### EXERCISE
Everything from the line holding "[ELMALL300K GIẢM 300K]" through the final line of the entries below is to be duplicated exactly, and nothing outside that span.

### RECORDS FOR THIS TASK
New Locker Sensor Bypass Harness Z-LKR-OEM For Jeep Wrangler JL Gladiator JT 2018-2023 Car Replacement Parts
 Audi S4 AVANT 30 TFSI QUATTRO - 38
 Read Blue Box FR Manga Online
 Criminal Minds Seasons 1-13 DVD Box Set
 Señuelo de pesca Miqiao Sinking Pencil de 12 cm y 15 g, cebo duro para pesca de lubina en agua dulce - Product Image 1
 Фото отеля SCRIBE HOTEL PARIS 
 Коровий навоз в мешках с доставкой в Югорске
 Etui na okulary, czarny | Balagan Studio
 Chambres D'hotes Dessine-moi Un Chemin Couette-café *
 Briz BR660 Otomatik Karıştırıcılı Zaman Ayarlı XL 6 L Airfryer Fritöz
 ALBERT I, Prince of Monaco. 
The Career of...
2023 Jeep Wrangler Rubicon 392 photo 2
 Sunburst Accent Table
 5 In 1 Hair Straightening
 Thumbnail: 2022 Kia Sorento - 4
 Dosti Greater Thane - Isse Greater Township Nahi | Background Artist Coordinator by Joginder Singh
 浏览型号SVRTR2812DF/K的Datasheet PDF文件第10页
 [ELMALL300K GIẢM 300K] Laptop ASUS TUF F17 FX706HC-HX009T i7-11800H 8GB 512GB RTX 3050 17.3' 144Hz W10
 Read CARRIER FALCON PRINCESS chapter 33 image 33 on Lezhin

### EXERCISE OUTPUT
 [ELMALL300K GIẢM 300K] Laptop ASUS TUF F17 FX706HC-HX009T i7-11800H 8GB 512GB RTX 3050 17.3' 144Hz W10
 Read CARRIER FALCON PRINCESS chapter 33 image 33 on Lezhin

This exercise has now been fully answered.